Parmi les points importants auxquels il est fait régulièrement allusion pour caractériser le manque d’efficience de l’activité du secteur privé chez nous, il y a la difficulté de recouvrer le paiement dû pour une marchandise vendue ou un service rendu. Même que, dans de nombreux cas, des opérateurs hideux en ont fait un fonds de commerce. Ils sont encouragés en cela par la lenteur judiciaire et/ou son inefficacité qui rebute les créanciers à demander leur avoir par voie de justice et parfois abandonnent même de réclamer.
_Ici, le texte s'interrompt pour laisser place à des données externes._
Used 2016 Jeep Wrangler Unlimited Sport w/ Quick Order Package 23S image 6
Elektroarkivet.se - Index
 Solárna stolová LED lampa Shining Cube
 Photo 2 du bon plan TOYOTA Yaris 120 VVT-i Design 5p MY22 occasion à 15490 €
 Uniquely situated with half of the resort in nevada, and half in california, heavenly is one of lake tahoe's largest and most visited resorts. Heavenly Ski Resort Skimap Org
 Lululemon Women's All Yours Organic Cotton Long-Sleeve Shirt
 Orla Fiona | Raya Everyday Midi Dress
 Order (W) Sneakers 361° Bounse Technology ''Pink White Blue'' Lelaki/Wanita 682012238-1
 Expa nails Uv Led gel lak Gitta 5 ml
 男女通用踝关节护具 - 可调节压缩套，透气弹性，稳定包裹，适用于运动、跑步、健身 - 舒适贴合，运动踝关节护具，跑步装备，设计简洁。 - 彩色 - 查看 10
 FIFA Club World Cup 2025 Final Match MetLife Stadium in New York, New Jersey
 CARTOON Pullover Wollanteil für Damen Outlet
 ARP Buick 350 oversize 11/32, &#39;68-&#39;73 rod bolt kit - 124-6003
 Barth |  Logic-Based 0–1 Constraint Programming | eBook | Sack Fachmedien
Il y a, peu ou prou, des difficultés comparables au niveau du commerce international pour nos pays africains. En fait, s’agissant des produits alimentaires, l’OMC, l’instance internationale de régulation, se réfère bien au Codex Alimentarius pour son rôle d’arbitrage des litiges, principe sur lequel tout le monde est d’accord. Mais, le processus est lourd, très onéreux et extrêmement lent ce qui contrevient à la dynamique d’un commerce profitable. De plus, les experts qui peuvent instruire ce genre de dossiers sont dans l’hémisphère nord ainsi que les « instances habilitées à les reconnaître ». On comprend alors que, malgré les nombreux cas d’injustices commerciales flagrantes, et documentées, de pays de l’UE envers des pays africains, aucun de nos Etats n’ose porter un litige devant l’OMC.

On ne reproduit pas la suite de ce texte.